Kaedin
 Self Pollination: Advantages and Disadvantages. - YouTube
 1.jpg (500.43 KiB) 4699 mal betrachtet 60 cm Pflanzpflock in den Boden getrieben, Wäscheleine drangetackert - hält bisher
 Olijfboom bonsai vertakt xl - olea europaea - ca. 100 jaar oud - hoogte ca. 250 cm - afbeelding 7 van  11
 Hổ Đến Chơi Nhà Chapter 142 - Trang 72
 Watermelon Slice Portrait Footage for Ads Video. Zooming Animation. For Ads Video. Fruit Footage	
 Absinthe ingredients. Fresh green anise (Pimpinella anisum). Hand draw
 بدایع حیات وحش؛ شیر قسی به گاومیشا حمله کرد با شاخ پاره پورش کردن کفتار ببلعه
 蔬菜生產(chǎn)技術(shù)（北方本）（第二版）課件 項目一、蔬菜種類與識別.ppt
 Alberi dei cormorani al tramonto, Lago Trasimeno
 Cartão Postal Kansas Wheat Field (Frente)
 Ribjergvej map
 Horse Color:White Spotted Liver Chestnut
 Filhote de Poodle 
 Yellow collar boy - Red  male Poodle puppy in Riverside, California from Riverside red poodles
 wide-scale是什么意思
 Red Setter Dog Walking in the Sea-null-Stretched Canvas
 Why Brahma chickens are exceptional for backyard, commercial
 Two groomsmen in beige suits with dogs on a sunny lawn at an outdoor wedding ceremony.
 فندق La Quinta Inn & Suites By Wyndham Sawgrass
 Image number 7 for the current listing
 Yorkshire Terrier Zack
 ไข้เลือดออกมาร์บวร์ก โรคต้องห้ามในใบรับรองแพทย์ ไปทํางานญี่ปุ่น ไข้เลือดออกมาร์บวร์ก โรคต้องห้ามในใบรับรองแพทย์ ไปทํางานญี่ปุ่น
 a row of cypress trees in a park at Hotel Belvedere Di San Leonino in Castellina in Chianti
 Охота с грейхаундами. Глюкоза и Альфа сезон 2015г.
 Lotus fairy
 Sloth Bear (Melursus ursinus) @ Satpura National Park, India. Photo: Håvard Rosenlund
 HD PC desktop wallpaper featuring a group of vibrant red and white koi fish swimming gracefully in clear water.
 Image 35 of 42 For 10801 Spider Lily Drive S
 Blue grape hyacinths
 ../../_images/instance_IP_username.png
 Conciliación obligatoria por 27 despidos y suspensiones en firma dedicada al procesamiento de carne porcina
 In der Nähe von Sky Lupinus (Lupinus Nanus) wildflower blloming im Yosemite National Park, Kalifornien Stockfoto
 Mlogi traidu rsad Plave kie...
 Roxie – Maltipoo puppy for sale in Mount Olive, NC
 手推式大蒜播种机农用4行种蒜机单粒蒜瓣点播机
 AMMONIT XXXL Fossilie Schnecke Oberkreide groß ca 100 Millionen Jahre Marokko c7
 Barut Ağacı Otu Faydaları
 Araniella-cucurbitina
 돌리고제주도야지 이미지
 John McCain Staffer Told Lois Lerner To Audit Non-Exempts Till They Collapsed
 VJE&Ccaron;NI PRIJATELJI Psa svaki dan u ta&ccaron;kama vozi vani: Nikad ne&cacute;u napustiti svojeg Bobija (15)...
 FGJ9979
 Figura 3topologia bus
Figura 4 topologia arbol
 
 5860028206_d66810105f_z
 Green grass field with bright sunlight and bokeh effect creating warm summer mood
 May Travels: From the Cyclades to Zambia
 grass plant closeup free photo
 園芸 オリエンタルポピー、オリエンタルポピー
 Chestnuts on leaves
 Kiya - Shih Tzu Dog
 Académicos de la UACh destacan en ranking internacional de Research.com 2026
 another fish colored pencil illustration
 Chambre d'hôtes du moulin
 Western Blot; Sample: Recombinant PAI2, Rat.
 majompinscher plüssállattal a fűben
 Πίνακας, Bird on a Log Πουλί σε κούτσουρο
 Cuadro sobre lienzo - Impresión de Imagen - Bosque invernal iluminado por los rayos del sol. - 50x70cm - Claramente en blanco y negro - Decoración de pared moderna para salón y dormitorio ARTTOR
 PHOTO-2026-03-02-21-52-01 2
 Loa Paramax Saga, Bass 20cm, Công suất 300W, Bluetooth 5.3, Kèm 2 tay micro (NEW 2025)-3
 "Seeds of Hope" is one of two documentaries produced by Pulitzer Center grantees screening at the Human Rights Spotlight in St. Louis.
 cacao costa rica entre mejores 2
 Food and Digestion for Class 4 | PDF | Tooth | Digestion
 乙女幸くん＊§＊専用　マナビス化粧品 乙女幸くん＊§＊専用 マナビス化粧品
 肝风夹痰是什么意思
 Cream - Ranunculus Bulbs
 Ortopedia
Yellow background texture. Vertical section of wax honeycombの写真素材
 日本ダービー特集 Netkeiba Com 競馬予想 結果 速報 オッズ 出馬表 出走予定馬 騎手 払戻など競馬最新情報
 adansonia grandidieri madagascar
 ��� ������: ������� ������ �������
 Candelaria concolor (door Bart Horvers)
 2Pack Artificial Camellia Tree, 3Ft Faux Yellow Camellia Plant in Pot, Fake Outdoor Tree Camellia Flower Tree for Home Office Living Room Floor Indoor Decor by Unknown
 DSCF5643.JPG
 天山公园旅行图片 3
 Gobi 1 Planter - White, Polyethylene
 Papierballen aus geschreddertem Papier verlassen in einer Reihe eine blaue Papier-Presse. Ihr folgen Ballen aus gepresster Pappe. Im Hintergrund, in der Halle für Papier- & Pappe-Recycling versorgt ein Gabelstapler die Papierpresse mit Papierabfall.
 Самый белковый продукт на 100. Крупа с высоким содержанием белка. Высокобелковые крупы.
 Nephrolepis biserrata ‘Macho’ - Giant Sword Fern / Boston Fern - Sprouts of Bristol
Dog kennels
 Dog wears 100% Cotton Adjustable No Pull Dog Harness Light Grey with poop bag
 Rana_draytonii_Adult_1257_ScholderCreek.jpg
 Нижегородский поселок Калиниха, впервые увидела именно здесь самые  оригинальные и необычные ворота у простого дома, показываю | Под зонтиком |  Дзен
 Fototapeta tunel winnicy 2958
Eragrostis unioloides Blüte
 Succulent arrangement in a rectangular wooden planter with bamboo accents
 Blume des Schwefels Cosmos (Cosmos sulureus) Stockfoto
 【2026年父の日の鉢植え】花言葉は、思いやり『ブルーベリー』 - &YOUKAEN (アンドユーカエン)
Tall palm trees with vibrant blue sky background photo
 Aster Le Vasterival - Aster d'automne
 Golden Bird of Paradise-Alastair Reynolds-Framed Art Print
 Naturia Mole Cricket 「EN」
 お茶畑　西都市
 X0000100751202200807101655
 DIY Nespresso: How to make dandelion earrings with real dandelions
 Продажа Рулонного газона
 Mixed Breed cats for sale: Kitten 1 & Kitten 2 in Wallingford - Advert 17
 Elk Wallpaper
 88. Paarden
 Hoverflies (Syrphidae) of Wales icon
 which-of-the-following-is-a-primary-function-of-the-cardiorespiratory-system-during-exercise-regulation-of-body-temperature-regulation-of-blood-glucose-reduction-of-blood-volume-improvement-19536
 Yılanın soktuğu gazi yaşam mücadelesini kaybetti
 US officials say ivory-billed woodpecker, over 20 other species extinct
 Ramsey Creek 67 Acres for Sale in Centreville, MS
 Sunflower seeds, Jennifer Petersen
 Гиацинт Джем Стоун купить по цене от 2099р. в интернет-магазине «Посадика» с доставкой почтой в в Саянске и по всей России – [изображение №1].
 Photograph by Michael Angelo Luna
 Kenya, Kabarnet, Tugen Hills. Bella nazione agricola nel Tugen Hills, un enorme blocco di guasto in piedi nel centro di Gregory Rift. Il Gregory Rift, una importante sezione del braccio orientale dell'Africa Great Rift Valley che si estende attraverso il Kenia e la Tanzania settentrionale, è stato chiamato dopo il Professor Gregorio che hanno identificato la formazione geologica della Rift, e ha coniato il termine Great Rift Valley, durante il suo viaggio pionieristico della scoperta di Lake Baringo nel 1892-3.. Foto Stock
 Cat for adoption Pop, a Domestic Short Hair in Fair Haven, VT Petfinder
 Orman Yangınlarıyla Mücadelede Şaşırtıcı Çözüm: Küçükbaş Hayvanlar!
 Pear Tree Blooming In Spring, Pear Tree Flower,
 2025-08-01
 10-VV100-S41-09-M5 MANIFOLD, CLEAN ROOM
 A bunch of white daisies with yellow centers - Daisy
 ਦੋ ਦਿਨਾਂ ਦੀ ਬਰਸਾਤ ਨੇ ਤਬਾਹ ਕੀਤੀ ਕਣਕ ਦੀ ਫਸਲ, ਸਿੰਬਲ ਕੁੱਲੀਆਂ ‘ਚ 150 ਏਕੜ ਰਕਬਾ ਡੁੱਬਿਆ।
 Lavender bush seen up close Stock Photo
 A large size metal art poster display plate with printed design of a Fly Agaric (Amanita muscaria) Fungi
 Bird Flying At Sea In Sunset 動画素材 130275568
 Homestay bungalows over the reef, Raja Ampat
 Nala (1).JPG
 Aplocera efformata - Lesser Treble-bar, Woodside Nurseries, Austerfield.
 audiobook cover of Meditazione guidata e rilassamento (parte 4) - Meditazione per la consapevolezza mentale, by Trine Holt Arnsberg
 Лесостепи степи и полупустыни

==============================

## [Task prompt]
Above are the records; repeat exactly the lines from the one holding "Самый белковый продукт" down to the one holding "Rana_draytonii_Adult_1257_ScholderCreek.jpg", end lines included.

## [The completed task]
 Самый белковый продукт на 100. Крупа с высоким содержанием белка. Высокобелковые крупы.
 Nephrolepis biserrata ‘Macho’ - Giant Sword Fern / Boston Fern - Sprouts of Bristol
Dog kennels
 Dog wears 100% Cotton Adjustable No Pull Dog Harness Light Grey with poop bag
 Rana_draytonii_Adult_1257_ScholderCreek.jpg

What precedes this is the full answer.